Nach dem zweiten Weltkrieg weitete McGraw-Hill vor allem das Lehrbuch-Segment aus. Neben den etablierten Reihen für College-Studenten wurden jetzt auch Schulbücher für Grund- und weiterführende Schulen aus allen Unterrichtsbereichen produziert. 1966 stieg McGraw-Hill mit dem Kauf der Rating-Agentur Standard & Poor’s in den Bereich der Business-Information und Analyse ein.

Peinlich wurde für den Konzern das Jahr 1970. Ein damals unbekannter Autor hatte einem der McGraw-Hill-Buchverlage eine Biographie des angeblich im Sterben liegenden, exzentrisch-zurückgezogen lebenden Milliardärs Howard Hughes angeboten, die sogar von diesem autorisiert sei. Doch das Buch war eine Fälschung, Hughes erschien aus der Versenkung und klagte gegen Verlag und den Autor, der zu 30 Monaten Gefängnis verurteilt wurde.

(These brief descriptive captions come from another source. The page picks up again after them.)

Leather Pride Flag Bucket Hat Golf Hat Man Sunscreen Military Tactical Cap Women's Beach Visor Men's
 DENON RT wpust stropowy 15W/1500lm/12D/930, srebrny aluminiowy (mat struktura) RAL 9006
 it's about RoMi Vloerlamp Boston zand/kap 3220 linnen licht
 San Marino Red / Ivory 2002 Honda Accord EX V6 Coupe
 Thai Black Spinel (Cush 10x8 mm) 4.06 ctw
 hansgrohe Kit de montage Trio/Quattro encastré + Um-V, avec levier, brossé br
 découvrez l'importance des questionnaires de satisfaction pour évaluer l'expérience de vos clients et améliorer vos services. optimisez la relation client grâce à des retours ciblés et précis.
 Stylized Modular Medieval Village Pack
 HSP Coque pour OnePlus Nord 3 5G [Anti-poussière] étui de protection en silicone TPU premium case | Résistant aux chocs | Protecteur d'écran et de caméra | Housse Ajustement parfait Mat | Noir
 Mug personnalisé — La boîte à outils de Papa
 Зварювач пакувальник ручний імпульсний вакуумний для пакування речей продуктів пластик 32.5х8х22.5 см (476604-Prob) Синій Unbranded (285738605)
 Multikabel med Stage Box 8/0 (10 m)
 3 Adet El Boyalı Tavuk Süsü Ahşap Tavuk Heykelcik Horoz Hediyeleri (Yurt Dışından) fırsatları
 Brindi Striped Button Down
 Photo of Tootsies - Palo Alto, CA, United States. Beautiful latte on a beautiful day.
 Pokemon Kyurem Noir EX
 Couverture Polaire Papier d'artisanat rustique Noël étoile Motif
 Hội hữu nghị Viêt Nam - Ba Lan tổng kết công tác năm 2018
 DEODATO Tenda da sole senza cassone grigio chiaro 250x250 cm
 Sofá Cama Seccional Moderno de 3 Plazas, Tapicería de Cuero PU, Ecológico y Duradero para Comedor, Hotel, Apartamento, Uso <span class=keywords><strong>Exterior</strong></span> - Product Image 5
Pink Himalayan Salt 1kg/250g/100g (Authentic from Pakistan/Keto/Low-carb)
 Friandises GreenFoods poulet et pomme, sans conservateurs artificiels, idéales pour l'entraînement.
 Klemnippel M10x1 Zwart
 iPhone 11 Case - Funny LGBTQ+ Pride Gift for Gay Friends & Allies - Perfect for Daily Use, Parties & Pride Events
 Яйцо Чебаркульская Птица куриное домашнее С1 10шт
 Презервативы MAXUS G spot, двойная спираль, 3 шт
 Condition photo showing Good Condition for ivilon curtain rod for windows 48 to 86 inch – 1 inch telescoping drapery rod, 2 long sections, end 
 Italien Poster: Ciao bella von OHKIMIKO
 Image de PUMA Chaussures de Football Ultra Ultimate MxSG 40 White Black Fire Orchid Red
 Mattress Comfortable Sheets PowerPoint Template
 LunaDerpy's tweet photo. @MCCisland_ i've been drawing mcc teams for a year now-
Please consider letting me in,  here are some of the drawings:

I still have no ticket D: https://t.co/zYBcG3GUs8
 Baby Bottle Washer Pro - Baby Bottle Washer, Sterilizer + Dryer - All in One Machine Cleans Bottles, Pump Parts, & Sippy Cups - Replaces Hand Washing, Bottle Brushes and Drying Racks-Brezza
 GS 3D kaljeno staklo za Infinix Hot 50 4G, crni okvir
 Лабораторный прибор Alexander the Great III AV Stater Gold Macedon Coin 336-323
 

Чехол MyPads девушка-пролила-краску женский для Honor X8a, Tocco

1972 expandierte das Unternehmen erstmals Richtung elektronische Medien und erwarb TV-Stationen u.a. in San Diego, Indianapolis und Denver. Eine schleppende Geschäftsentwicklung insgesamt und dagegen überdurchschnittlich gute Ergebnisse bei Standard & Poor’s führten 1979 zu einem – allerdings erfolglosen – Übernahmeversuch durch American Express. 1980 überstiegen die Umsätze erstmals die Grenze von einer Milliarde US-Dollar. 1995 wurde das Unternehmen in drei Geschäftsbereiche Education, Financial Services und Information & Media Services umstrukturiert, 1996 lag der Umsatz bereits bei über drei Mrd. US-Dollar. Nach einem „familienfremden“ Interregnum von 1988-1998 führte mit Harold McGraw III bis 2013 der Nachkomme eines Firmengründers das Verlagsimperium.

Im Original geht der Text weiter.